Required action: Your response should reproduce every line of the entries that contains the word "Photo".

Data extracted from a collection

━━━━━━━━━━

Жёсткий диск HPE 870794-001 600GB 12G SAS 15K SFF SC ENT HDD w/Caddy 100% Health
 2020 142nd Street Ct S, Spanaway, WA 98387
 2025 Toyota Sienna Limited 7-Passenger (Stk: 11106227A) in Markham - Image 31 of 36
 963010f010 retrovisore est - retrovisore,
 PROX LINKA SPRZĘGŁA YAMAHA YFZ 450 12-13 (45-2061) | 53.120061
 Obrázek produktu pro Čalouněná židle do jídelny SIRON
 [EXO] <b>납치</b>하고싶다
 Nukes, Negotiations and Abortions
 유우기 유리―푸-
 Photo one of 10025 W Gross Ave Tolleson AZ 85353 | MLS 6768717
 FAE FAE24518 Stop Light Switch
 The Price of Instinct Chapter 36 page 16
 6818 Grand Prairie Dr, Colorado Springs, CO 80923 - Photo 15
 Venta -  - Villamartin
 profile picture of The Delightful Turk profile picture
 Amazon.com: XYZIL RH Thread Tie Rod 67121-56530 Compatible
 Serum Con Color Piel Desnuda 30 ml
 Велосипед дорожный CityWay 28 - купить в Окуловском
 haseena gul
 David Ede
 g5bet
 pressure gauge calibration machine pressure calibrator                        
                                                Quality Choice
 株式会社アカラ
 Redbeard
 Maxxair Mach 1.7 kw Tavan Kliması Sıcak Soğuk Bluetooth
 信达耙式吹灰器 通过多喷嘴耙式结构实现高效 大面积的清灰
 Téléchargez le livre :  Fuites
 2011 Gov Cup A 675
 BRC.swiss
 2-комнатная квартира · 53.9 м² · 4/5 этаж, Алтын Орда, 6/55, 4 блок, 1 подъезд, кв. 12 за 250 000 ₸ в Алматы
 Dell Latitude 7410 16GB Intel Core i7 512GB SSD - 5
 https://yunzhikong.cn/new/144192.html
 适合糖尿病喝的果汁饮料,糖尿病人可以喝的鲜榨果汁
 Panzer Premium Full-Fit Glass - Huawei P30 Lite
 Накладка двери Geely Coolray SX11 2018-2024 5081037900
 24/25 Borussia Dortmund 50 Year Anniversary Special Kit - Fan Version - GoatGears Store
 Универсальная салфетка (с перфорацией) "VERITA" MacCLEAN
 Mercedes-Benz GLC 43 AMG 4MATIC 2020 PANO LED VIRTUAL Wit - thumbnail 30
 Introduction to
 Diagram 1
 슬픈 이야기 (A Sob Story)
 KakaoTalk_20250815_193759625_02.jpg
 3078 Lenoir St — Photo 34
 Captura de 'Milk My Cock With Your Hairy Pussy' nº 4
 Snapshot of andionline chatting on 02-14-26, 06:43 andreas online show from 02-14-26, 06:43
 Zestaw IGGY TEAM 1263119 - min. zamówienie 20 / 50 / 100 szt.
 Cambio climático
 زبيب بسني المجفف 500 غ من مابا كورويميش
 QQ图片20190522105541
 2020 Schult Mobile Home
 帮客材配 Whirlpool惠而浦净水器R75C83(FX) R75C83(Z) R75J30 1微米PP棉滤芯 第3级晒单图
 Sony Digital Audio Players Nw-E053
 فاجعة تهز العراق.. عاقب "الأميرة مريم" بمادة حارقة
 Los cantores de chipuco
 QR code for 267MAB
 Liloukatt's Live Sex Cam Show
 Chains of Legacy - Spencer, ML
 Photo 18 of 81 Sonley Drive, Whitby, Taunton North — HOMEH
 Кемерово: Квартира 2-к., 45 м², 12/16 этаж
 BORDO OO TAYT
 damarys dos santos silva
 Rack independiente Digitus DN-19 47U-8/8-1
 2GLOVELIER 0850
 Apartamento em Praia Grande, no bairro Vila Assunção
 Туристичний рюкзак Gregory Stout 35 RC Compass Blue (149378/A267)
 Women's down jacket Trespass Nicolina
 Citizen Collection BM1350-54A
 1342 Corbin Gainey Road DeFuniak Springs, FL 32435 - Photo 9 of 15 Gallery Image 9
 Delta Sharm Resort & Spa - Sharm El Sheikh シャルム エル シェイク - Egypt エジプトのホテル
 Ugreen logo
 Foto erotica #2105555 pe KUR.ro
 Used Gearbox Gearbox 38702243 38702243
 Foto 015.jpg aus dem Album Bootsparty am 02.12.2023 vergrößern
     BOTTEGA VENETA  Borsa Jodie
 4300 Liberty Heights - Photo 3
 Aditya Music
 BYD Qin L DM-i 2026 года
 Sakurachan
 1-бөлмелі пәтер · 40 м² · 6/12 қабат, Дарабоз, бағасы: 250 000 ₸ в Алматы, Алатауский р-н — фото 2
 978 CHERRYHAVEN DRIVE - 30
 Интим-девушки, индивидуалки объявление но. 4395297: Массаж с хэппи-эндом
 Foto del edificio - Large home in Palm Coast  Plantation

━━━━━━━━━━

Final answer:
 Photo one of 10025 W Gross Ave Tolleson AZ 85353 | MLS 6768717
 6818 Grand Prairie Dr, Colorado Springs, CO 80923 - Photo 15
 3078 Lenoir St — Photo 34
 Photo 18 of 81 Sonley Drive, Whitby, Taunton North — HOMEH
 1342 Corbin Gainey Road DeFuniak Springs, FL 32435 - Photo 9 of 15 Gallery Image 9
 4300 Liberty Heights - Photo 3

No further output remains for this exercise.